• Your objective:
Both the line below containing "Elegant Bridal Pearl" and the line containing "Komatsu WA470-7 Hydraulic", along with every line between them, should be repeated exactly; no other line belongs in the answer.

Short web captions
====================

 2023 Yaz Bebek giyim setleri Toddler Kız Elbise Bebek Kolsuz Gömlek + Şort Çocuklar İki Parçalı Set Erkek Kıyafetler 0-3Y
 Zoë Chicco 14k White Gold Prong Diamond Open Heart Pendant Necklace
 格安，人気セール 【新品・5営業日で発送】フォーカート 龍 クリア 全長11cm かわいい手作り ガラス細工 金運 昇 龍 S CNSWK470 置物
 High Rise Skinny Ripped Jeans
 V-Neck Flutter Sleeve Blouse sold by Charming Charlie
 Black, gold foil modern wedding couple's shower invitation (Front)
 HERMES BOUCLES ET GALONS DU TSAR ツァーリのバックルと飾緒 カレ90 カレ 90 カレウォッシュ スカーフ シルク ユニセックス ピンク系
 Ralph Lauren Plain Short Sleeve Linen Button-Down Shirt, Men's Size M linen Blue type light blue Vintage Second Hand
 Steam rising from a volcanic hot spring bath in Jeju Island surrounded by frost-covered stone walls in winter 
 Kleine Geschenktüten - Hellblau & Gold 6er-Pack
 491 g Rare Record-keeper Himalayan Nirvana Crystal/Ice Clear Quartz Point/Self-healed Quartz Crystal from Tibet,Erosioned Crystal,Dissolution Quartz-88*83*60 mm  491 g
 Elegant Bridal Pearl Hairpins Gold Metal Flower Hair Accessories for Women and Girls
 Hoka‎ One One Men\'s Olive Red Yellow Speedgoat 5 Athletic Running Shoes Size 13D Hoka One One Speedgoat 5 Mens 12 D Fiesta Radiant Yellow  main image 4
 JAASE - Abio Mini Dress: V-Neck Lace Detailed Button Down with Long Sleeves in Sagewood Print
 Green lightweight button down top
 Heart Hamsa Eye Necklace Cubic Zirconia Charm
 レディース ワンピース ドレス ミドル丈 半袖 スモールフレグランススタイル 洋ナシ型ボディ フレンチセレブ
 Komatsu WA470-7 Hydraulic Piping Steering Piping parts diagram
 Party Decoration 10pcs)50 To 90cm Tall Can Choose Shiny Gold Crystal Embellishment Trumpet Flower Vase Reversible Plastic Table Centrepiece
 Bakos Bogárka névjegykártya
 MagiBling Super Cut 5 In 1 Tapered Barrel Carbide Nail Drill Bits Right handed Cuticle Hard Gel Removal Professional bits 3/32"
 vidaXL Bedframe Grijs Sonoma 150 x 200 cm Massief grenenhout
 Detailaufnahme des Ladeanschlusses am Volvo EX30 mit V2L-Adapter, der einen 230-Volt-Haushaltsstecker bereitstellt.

====================

• Finished exercise:
 Elegant Bridal Pearl Hairpins Gold Metal Flower Hair Accessories for Women and Girls
 Hoka‎ One One Men\'s Olive Red Yellow Speedgoat 5 Athletic Running Shoes Size 13D Hoka One One Speedgoat 5 Mens 12 D Fiesta Radiant Yellow  main image 4
 JAASE - Abio Mini Dress: V-Neck Lace Detailed Button Down with Long Sleeves in Sagewood Print
 Green lightweight button down top
 Heart Hamsa Eye Necklace Cubic Zirconia Charm
 レディース ワンピース ドレス ミドル丈 半袖 スモールフレグランススタイル 洋ナシ型ボディ フレンチセレブ
 Komatsu WA470-7 Hydraulic Piping Steering Piping parts diagram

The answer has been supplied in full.